The Registrar dismissed the bankruptcy application. The dismissal followed from the finding that the conditions for making a bankruptcy application under s 311(1)(a) of the IRDA were not satisfied because the debt had been reduced below $15,000 by the debtor’s part payment made on 4 May 2021, and the bankruptcy application was filed on 10 May 2021 when the debt was therefore below the statutory threshold.

The Registrar also rejected the Plaintiff’s preliminary challenge to the form of the notice of objection, holding that the notice was not defective merely because it was filed by the debtor’s solicitors rather than personally by the debtor.

Why Does This Case Matter?

This case matters for practitioners because it clarifies how the statutory threshold for bankruptcy applications operates in the presence of part payments made during the statutory demand compliance period. The decision indicates that the court will assess the debt quantum at the time the bankruptcy application is filed, and that a creditor cannot circumvent the threshold by rejecting or reversing part payments in a way that is aimed at keeping the debt above $15,000.

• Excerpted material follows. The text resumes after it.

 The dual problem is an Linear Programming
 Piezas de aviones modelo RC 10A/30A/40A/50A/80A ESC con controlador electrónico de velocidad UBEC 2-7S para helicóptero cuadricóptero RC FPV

For creditors, the case is a cautionary reminder that bankruptcy is not a tactical tool to be used irrespective of the statutory conditions. Where part payments are made, creditors must carefully consider whether the debt remains above the threshold at filing. For debtors, the decision supports the proposition that part payments can defeat a bankruptcy application by reducing the debt below the statutory threshold, even where the creditor claims it did not have advance notice of the payment.

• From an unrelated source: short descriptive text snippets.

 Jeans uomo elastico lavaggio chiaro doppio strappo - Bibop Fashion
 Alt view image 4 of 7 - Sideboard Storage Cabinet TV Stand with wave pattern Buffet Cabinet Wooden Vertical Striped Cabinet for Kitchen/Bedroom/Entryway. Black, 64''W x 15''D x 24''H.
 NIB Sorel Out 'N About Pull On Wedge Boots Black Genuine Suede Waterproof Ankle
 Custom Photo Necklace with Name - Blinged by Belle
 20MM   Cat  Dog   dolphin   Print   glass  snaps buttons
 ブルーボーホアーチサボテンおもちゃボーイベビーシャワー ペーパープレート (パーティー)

From a procedural standpoint, the case also provides useful guidance on the PIR. The Registrar’s rejection of the argument that a notice of objection must be filed personally by the debtor reinforces that represented parties can act through solicitors, and that courts will apply common-sense statutory interpretation to avoid absurd outcomes.

Legislation Referenced

  • Insolvency, Restructuring and Dissolution Act (Act 40 of 2018) — in particular ss 311(1)(a), 311(1)(c), 312
  • Insolvency, Restructuring and Dissolution (Personal Insolvency) Rules 2020 (S 585/2020) — in particular rr 88 and 91
  • Interpretation Act (Cap 1, 2002 Rev Ed) — s 9A(1)
  • Bankruptcy Act (Cap 20, 2009 Rev Ed) — referenced indirectly in relation to the defect alleged in the initial statutory demand (repealed as of 30 July 2020)

Cases Cited

  • [2020] SGHC 205
  • [2021] SGCA 60
  • [2021] SGHCR 6

Source Documents

This article analyses [2021] SGHCR 6 for legal research and educational purposes. It does not constitute legal advice. Readers should consult the full judgment for the Court's complete reasoning.